━━━━━ Dataset entries

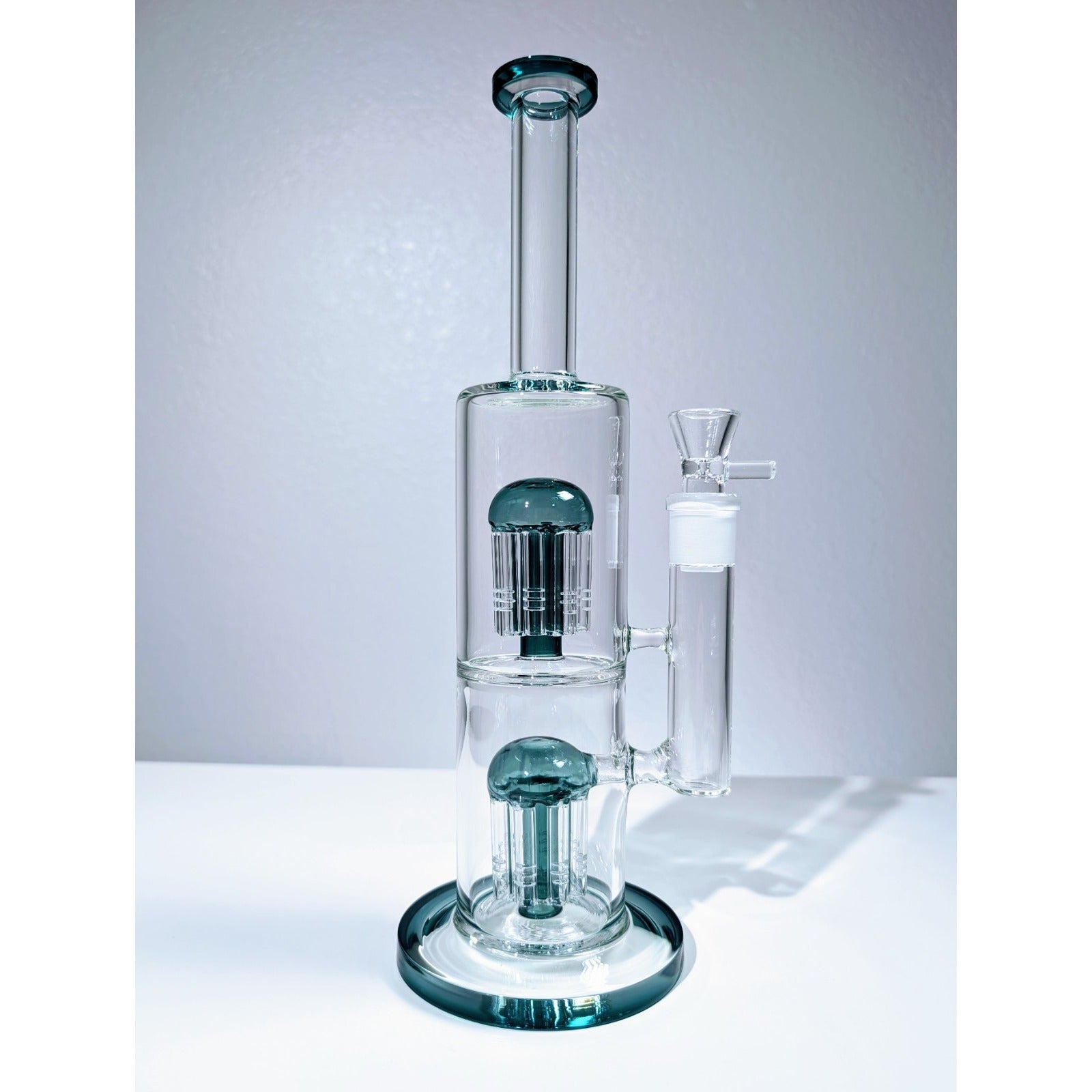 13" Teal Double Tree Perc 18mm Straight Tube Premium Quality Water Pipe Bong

━━━━━━━━━━
━━━━━ Dataset entries

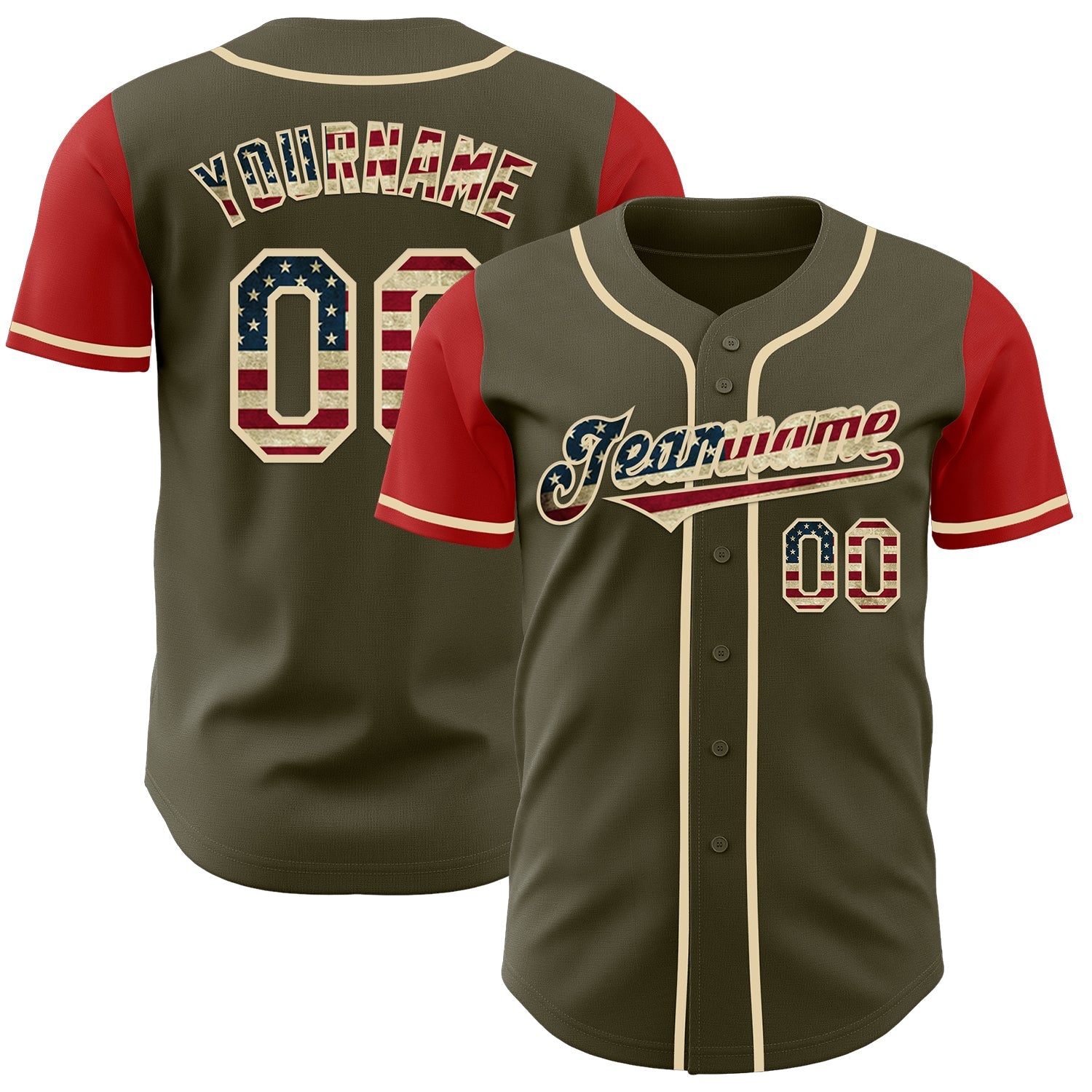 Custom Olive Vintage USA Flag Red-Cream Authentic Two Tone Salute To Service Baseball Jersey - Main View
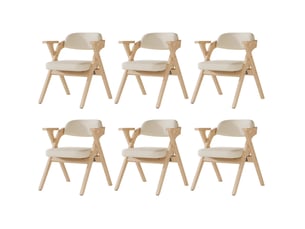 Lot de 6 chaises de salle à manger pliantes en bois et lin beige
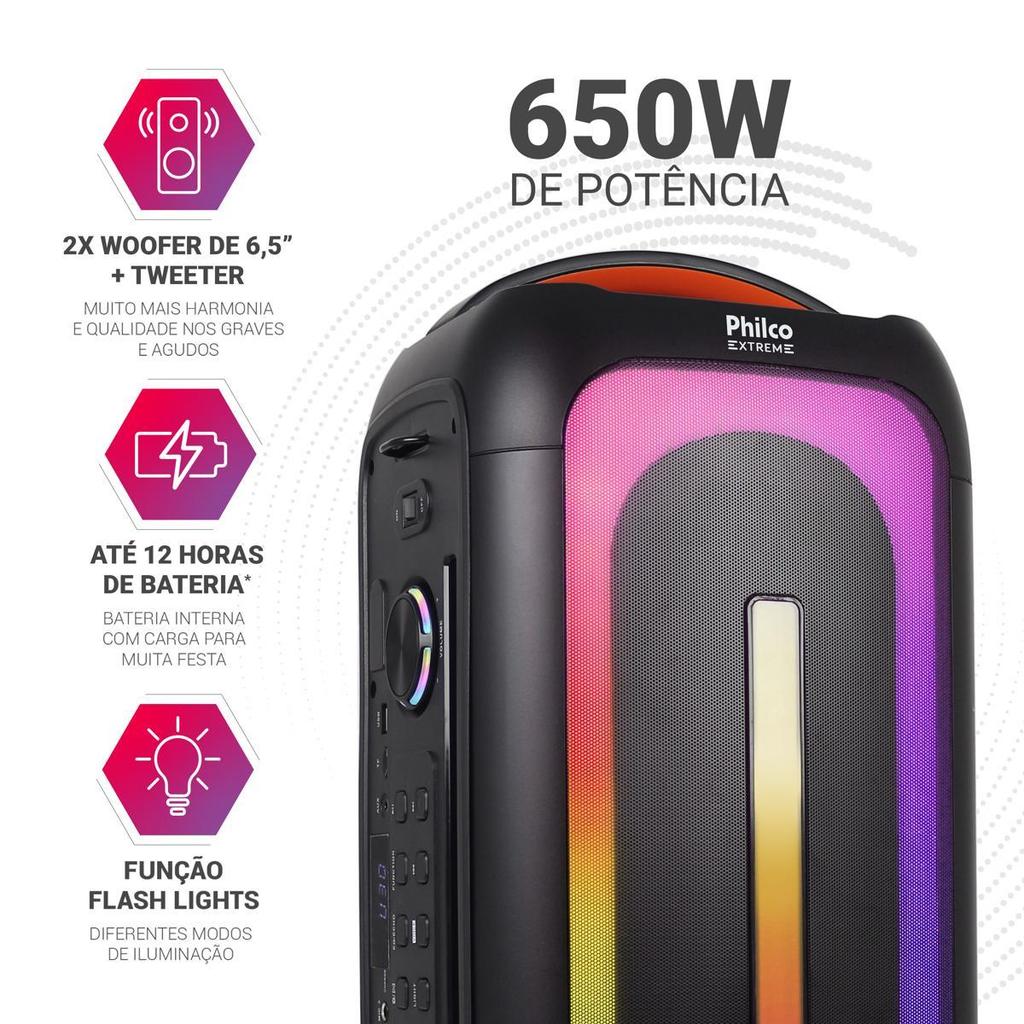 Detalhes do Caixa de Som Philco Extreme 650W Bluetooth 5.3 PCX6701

━━━━━━━━━━

Task item =
Could you transcribe exactly the entries above, but only the lines from the one with "Custom Olive Vintage" through the one with "Detalhes do Caixa", and without pictures?

Response to the task =
 Custom Olive Vintage USA Flag Red-Cream Authentic Two Tone Salute To Service Baseball Jersey - Main View
 Lot de 6 chaises de salle à manger pliantes en bois et lin beige
 Detalhes do Caixa de Som Philco Extreme 650W Bluetooth 5.3 PCX6701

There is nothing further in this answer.